You can see the inner details of this process in the The Abstract Equality Comparison Algorithm and The Abstract Relational Comparison Algorithm.
In Summary:
Relational Comparison: if both values are not type String, ToNumber is called on both. This is the same as adding a + in front, which for null coerces to 0.
Equality Comparison: only calls ToNumber on Strings, Numbers, and Booleans.
I'd like to extend the question to further improve visibility of the problem:
null >= 0; //true
null <= 0; //true
null == 0; //false
null > 0; //false
null < 0; //false
It just makes no sense. Like human languages, these things need be learned by heart.
JavaScript has both strict and type–converting comparisons
null >= 0; is true
but
(null==0)||(null>0) is false
null <= 0; is true but (null==0)||(null<0) is false
"" >= 0 is also true
For relational abstract comparisons (<= , >=), the operands are first converted to primitives, then to the same type, before comparison.
typeof null returns "object"
When type is object javascript tries to stringify the object (i.e null)
the following steps are taken (ECMAScript 2015):
If PreferredType was not passed, let hint be "default".
Else if PreferredType is hint String, let hint be "string".
Else PreferredType is hint Number, let hint be "number".
Let exoticToPrim be GetMethod(input, ##toPrimitive).
ReturnIfAbrupt(exoticToPrim).
If exoticToPrim is not undefined, then
a) Let result be Call(exoticToPrim, input, «hint»).
b) ReturnIfAbrupt(result).
c) If Type(result) is not Object, return result.
d) Throw a TypeError exception.
If hint is "default", let hint be "number".
Return OrdinaryToPrimitive(input,hint).
The allowed values for hint are "default", "number", and "string". Date objects, are unique among built-in ECMAScript object in that they treat "default" as being equivalent to "string".

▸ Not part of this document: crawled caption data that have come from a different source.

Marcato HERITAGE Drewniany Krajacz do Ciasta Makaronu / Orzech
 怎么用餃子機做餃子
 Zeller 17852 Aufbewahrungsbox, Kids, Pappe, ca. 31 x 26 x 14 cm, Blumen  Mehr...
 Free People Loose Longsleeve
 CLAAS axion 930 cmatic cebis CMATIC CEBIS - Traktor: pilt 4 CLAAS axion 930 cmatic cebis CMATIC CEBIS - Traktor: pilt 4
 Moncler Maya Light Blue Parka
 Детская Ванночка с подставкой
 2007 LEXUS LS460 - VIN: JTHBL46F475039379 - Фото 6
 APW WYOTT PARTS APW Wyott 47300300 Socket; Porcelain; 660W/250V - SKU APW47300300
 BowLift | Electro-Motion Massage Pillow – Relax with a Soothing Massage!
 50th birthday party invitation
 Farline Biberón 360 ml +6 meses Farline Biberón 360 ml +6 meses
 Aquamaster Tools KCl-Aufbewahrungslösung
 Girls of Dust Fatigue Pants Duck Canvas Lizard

All other built-in ECMAScript objects treat "default" as being equivalent to "number". (ECMAScript 20.3.4.45)
So I think null converts to 0.
console.log( null > 0 ); // (1) false
console.log( null == 0 ); // (2) false
console.log( null >= 0 ); // (3) true
Mathematically, that’s strange. The last result states that "null is greater than or equal to zero", so in one of the comparisons above it must be true, but they are both false.
The reason is that an equality check == and comparisons > < >= <= work differently. Comparisons convert null to a number, treating it as 0. That’s why (3) null >= 0 is true and (1) null > 0 is false.
On the other hand, the equality check == for undefined and null is defined such that, without any conversions, they equal each other and don’t equal anything else. That’s why (2) null == 0 is false.
I had the same problem !!.
Currently my only solution is to separate.
var a = null;
var b = undefined;
if (a===0||a>0){ } //return false !work!
if (b===0||b>0){ } //return false !work!
//but
if (a>=0){ } //return true !
It looks like the way to check x >= 0 is !(x < 0) In that way make sense the response.